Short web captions
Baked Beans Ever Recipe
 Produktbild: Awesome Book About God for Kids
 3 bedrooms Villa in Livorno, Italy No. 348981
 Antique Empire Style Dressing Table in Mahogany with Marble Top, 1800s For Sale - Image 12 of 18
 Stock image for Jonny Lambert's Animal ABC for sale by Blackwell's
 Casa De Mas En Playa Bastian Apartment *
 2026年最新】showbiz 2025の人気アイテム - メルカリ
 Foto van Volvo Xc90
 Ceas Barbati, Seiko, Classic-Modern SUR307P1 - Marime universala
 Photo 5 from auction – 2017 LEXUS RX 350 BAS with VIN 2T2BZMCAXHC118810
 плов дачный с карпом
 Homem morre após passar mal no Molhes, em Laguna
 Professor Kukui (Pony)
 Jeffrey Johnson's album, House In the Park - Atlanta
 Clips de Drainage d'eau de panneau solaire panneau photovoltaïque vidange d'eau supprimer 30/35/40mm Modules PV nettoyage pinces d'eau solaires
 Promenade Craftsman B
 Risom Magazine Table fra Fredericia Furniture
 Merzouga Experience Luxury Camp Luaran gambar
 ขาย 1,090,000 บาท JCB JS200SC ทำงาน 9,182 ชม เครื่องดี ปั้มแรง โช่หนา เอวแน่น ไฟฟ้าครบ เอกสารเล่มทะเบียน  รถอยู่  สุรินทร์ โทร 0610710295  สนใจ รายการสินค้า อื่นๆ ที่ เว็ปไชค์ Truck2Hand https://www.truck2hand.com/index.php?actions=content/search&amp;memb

▶ [PROBLEM TO WORK ON]
Output consists of exactly the lines from the one containing "Risom Magazine Table" to the end of the records above, retyped without change and with nothing extra.

▶ [RESULT OF THIS TASK]
 Risom Magazine Table fra Fredericia Furniture
 Merzouga Experience Luxury Camp Luaran gambar
 ขาย 1,090,000 บาท JCB JS200SC ทำงาน 9,182 ชม เครื่องดี ปั้มแรง โช่หนา เอวแน่น ไฟฟ้าครบ เอกสารเล่มทะเบียน  รถอยู่  สุรินทร์ โทร 0610710295  สนใจ รายการสินค้า อื่นๆ ที่ เว็ปไชค์ Truck2Hand https://www.truck2hand.com/index.php?actions=content/search&amp;memb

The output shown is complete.